* **Try it**
Would you repeat the entries below exactly and omit the pictures?

= = = =

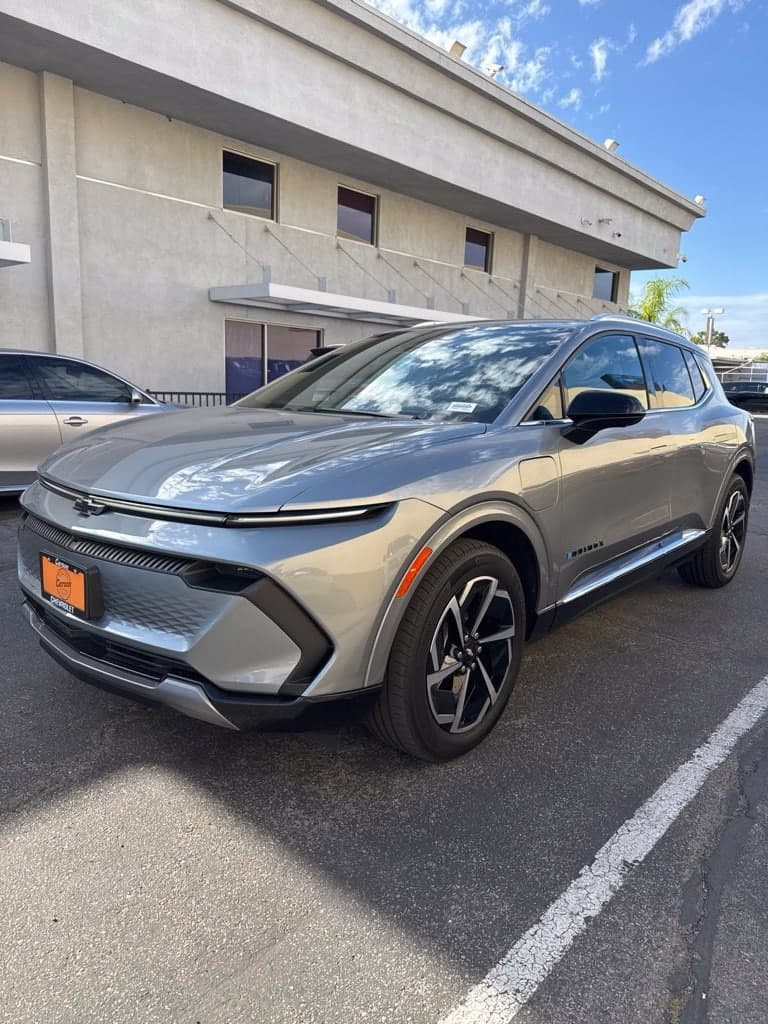 2024 Chevrolet Equinox EV 2LT — photo 1 of 40
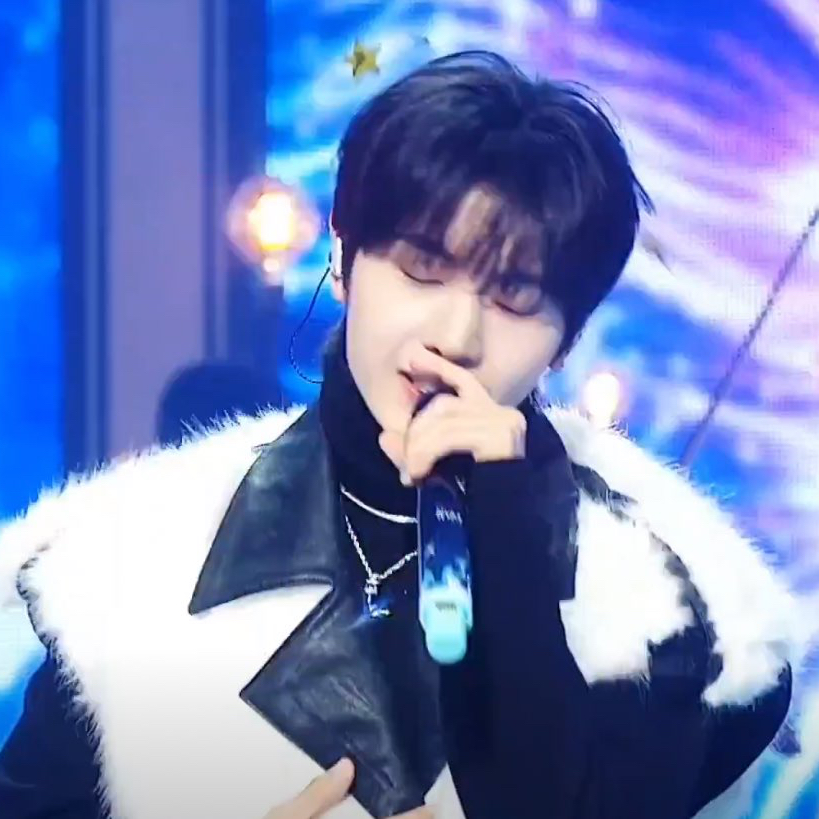 Recent activity shot of Seok Matthew (ZEROBASEONE)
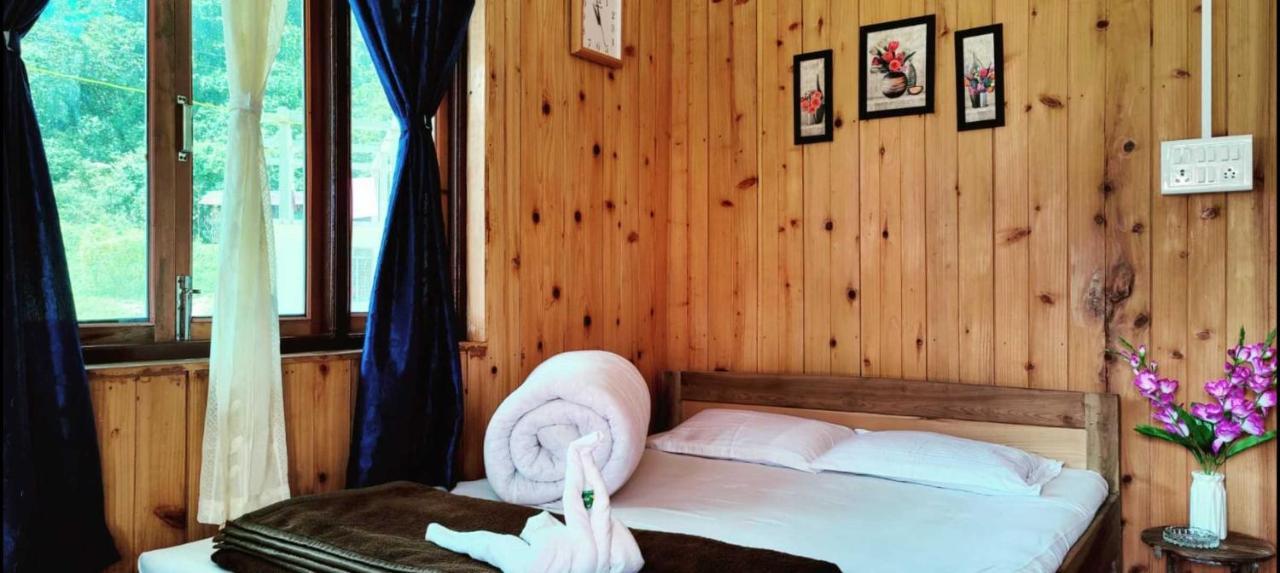 OYO 88442 Esti Kutum Home Stay Rishop Exterior foto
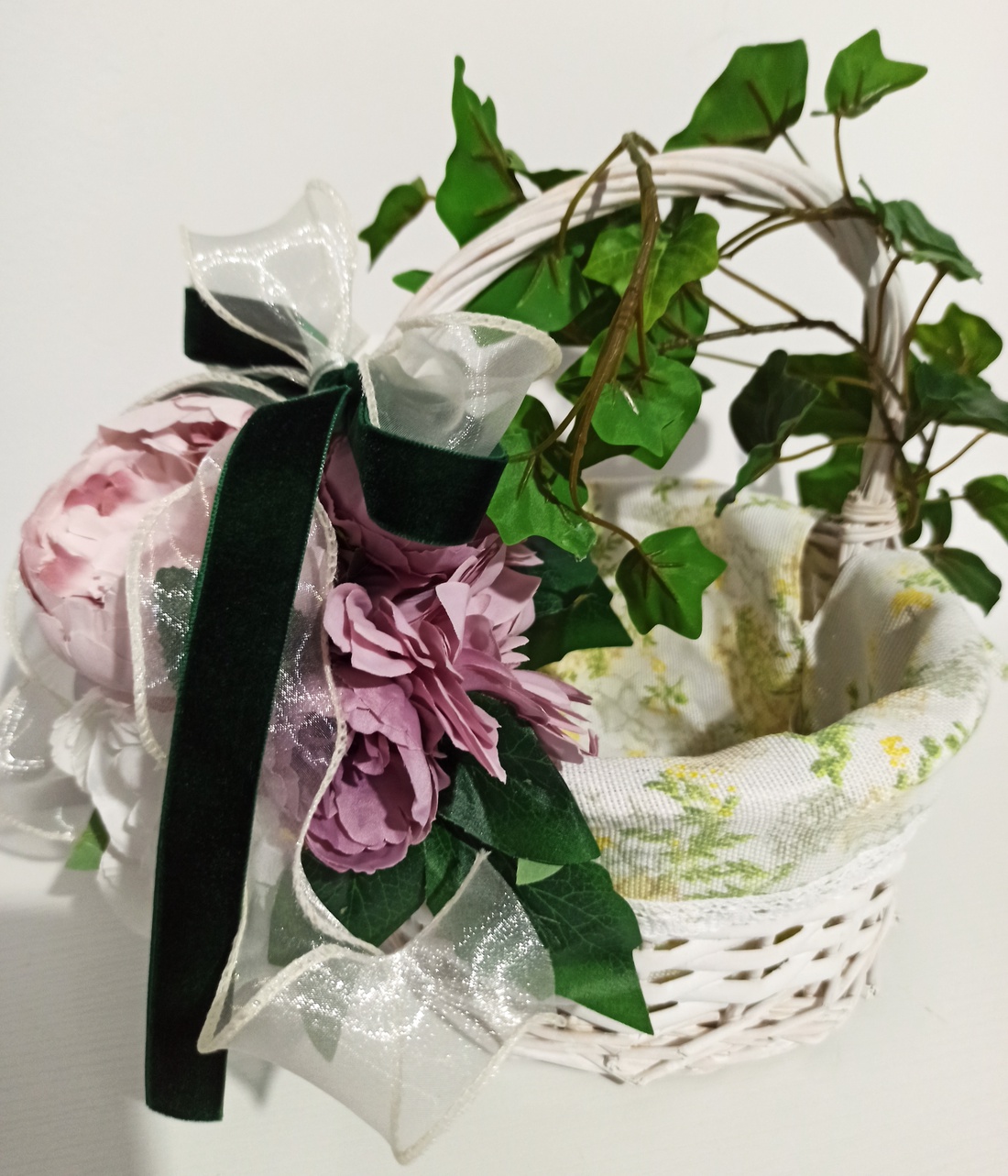 Coșuleț alb cu iederă, bujori roz și alb și dalii roz pudră - casă & stil de viață - decorațiuni de casă - decorațiuni de masă și rafturi - boluri decorative - Artynos.ro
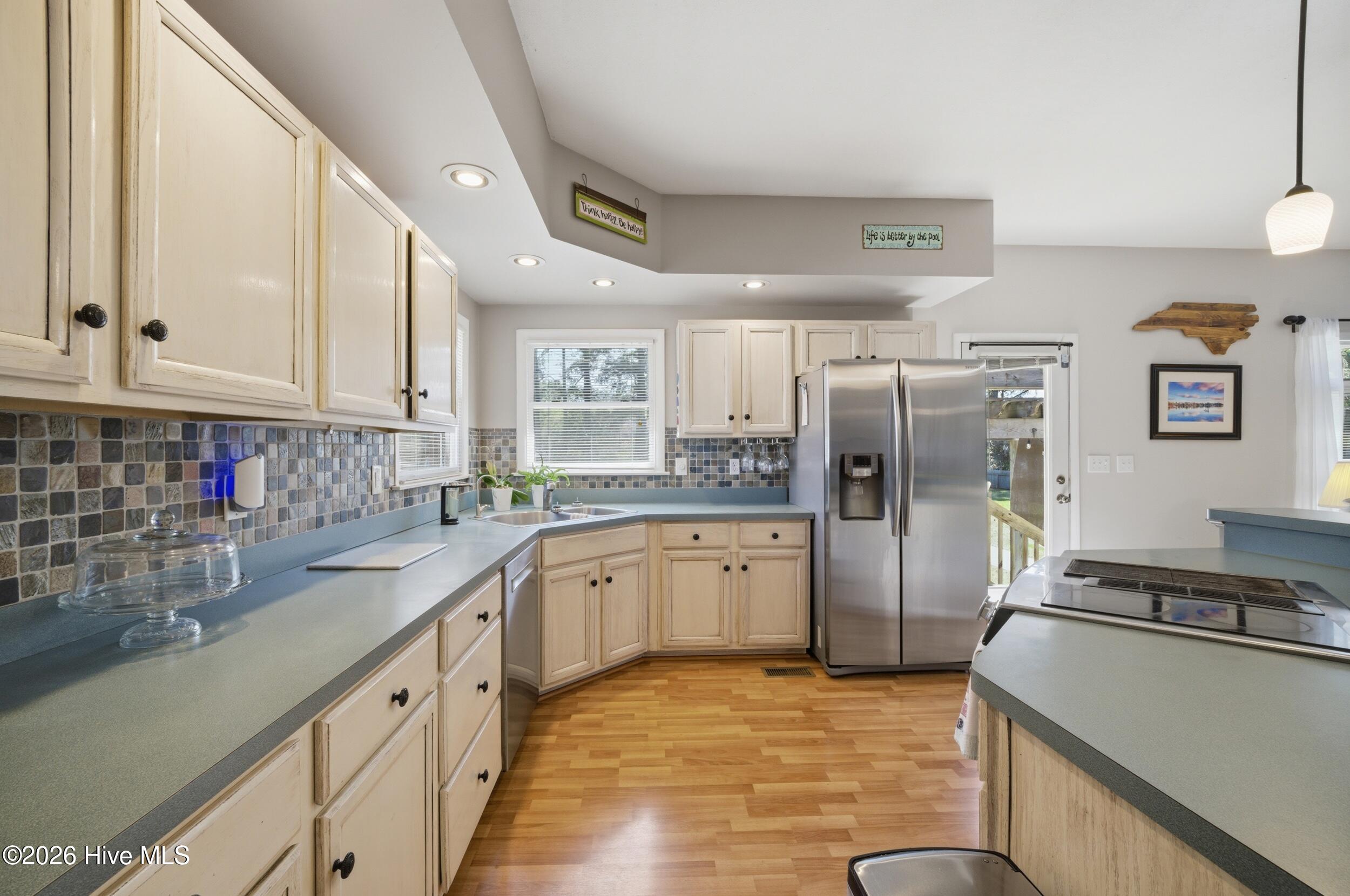 147 N Point Boulevard Property Photo 25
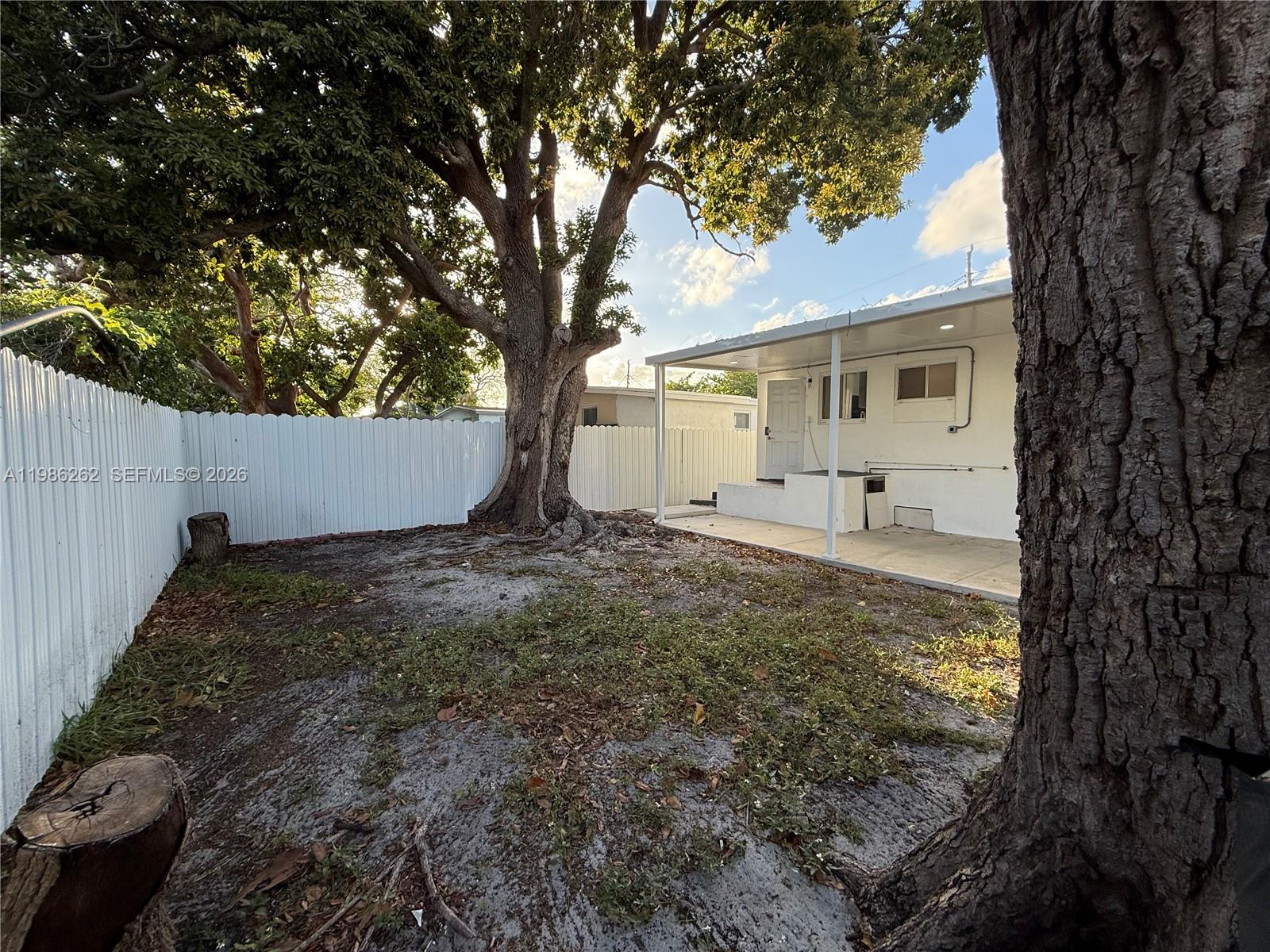 1812 NW 64th St Miami, FL 33147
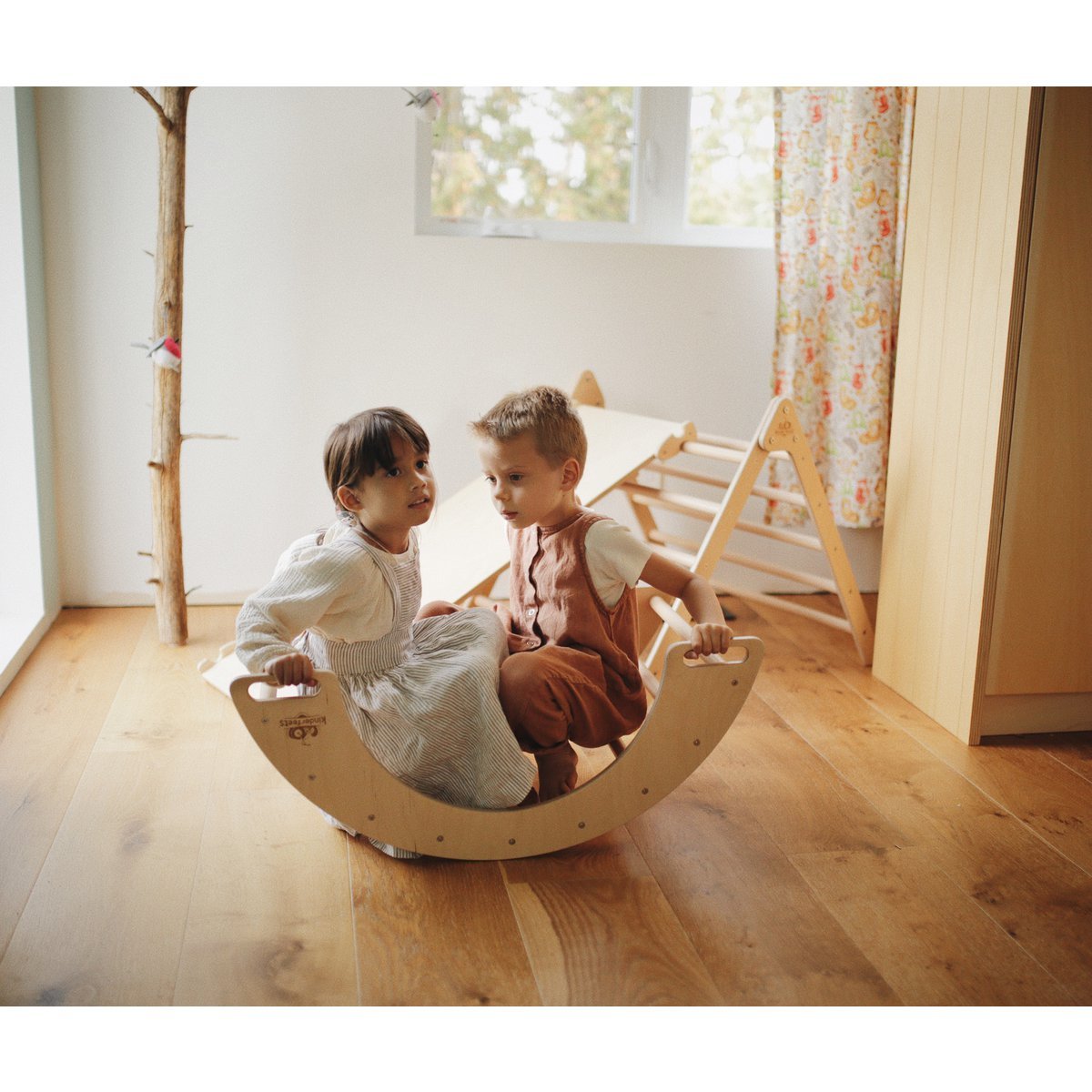 Kinderfeets Houten Pikler - Schommel - en Klimboog - FamilyStuff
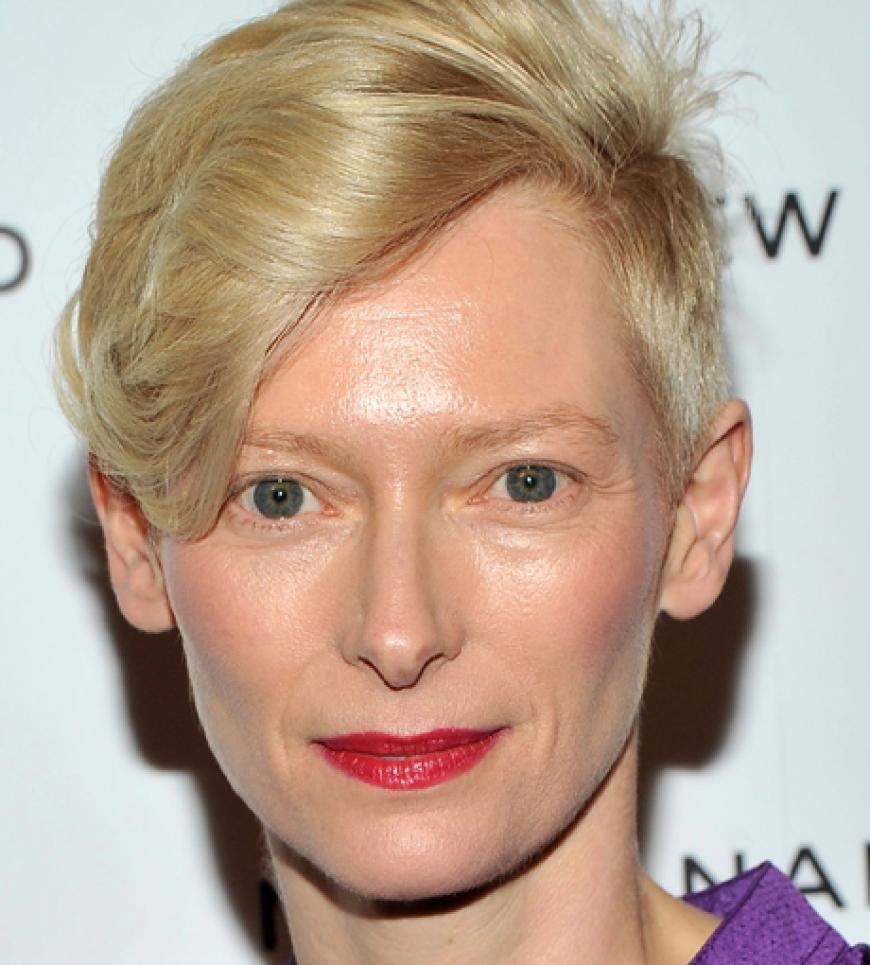 Der sonst für sein nudefarbenes Make-Up bekannte Hollywood-Star setzte mit rotem Lippenstift Akzente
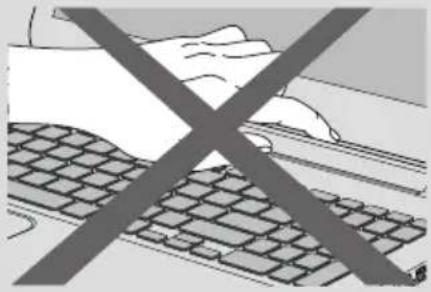 TOSHIBA Satellite C55B - Ouverture de l'écran - 3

= = = =

* **Solution to the exercise**
 2024 Chevrolet Equinox EV 2LT — photo 1 of 40
 Recent activity shot of Seok Matthew (ZEROBASEONE)
 OYO 88442 Esti Kutum Home Stay Rishop Exterior foto
 Coșuleț alb cu iederă, bujori roz și alb și dalii roz pudră - casă & stil de viață - decorațiuni de casă - decorațiuni de masă și rafturi - boluri decorative - Artynos.ro
 147 N Point Boulevard Property Photo 25
 1812 NW 64th St Miami, FL 33147
 Kinderfeets Houten Pikler - Schommel - en Klimboog - FamilyStuff
 Der sonst für sein nudefarbenes Make-Up bekannte Hollywood-Star setzte mit rotem Lippenstift Akzente
 TOSHIBA Satellite C55B - Ouverture de l'écran - 3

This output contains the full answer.